» Information
Content starts

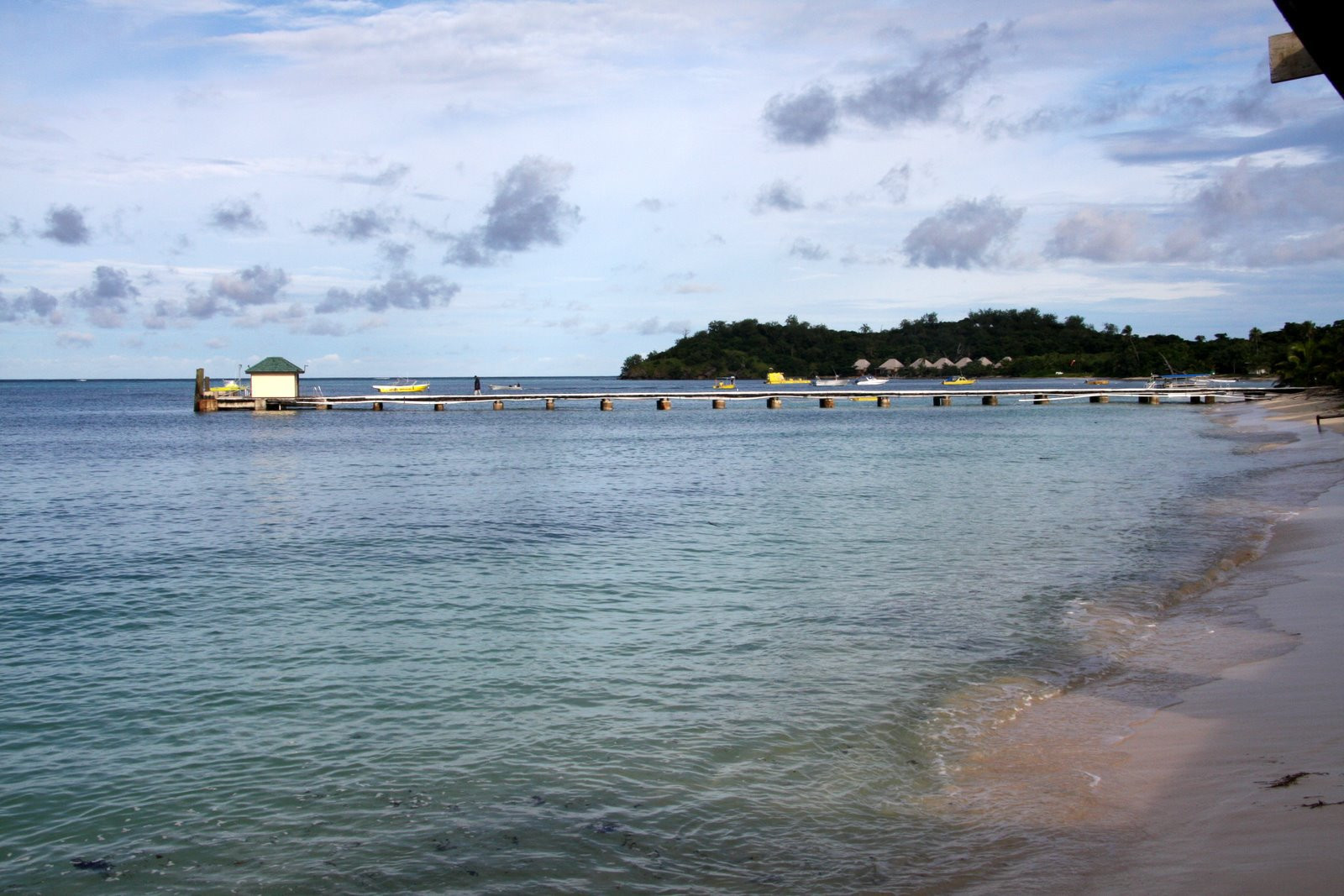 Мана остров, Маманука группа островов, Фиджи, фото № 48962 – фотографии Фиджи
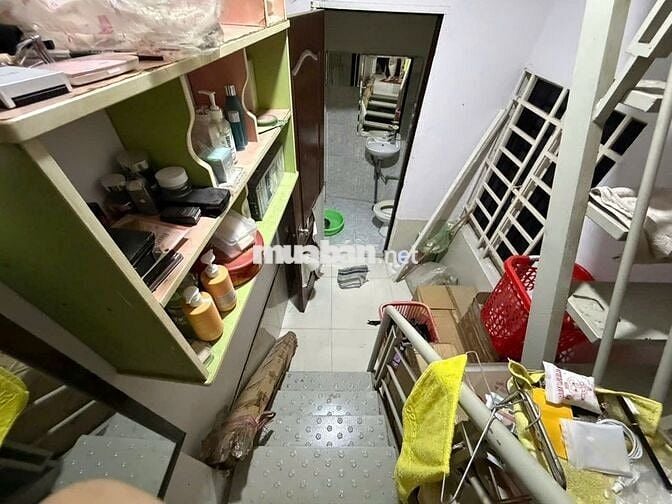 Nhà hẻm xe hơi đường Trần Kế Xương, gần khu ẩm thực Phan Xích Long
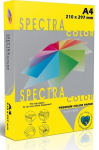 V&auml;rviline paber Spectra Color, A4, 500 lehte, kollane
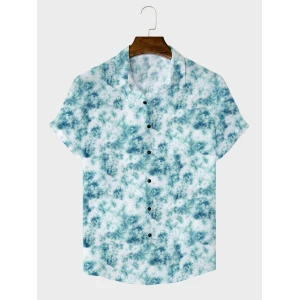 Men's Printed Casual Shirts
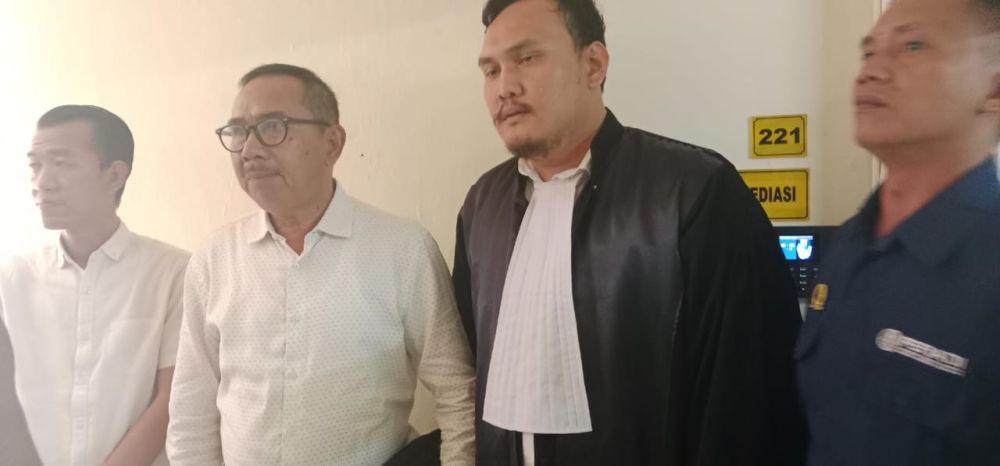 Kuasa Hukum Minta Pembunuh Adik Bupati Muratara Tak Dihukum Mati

Content ends
Content starts

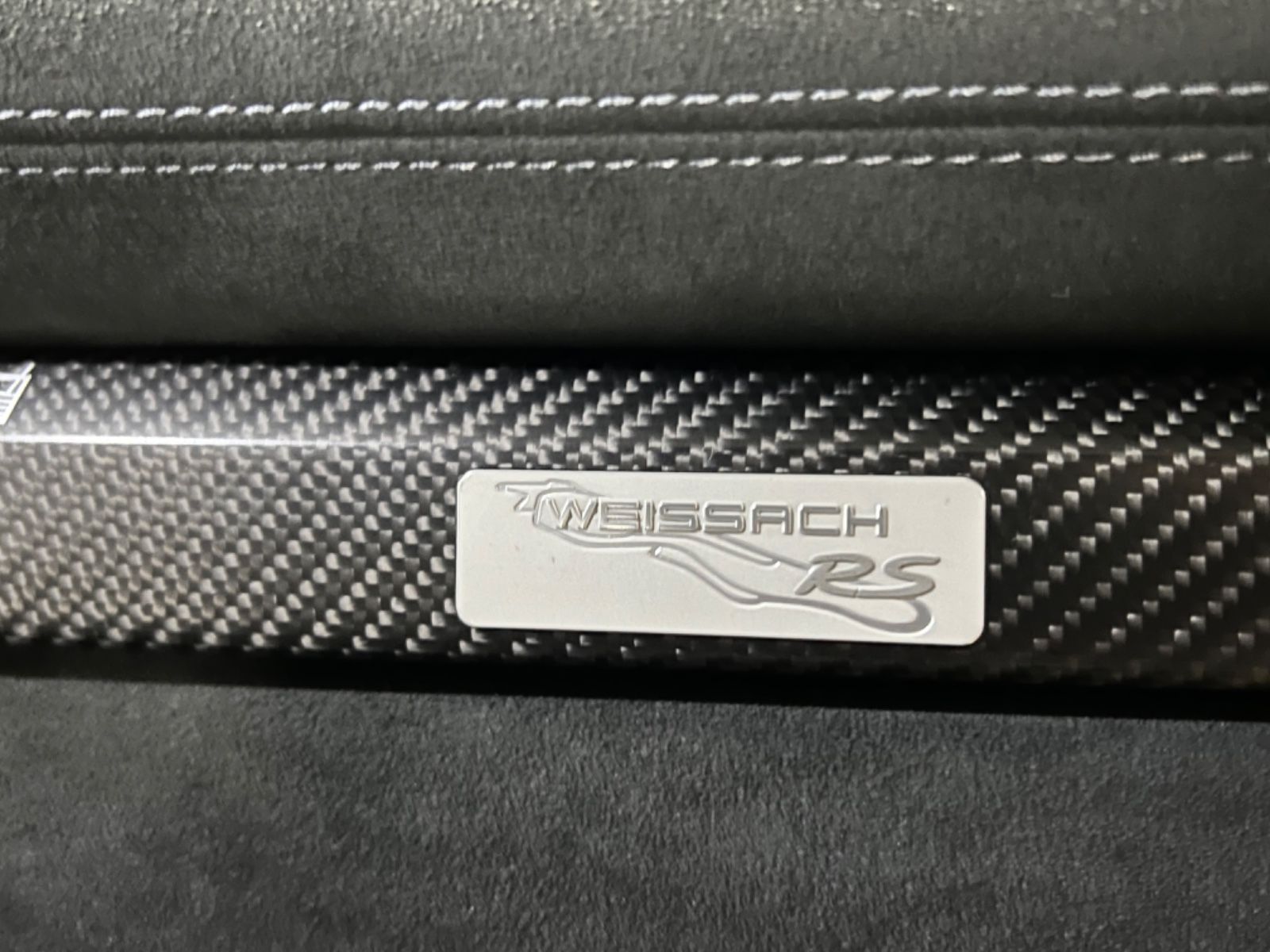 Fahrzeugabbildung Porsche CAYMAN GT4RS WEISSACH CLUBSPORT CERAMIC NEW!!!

Content ends

» What this task involves
When you reach the line containing "V&auml;rviline paber Spectra" in the entries above, begin restating word for word, and stop once the line containing "Kuasa Hukum Minta" has been given. Omit the pictures.

» Written reply
 V&auml;rviline paber Spectra Color, A4, 500 lehte, kollane
 Men's Printed Casual Shirts
 Kuasa Hukum Minta Pembunuh Adik Bupati Muratara Tak Dihukum Mati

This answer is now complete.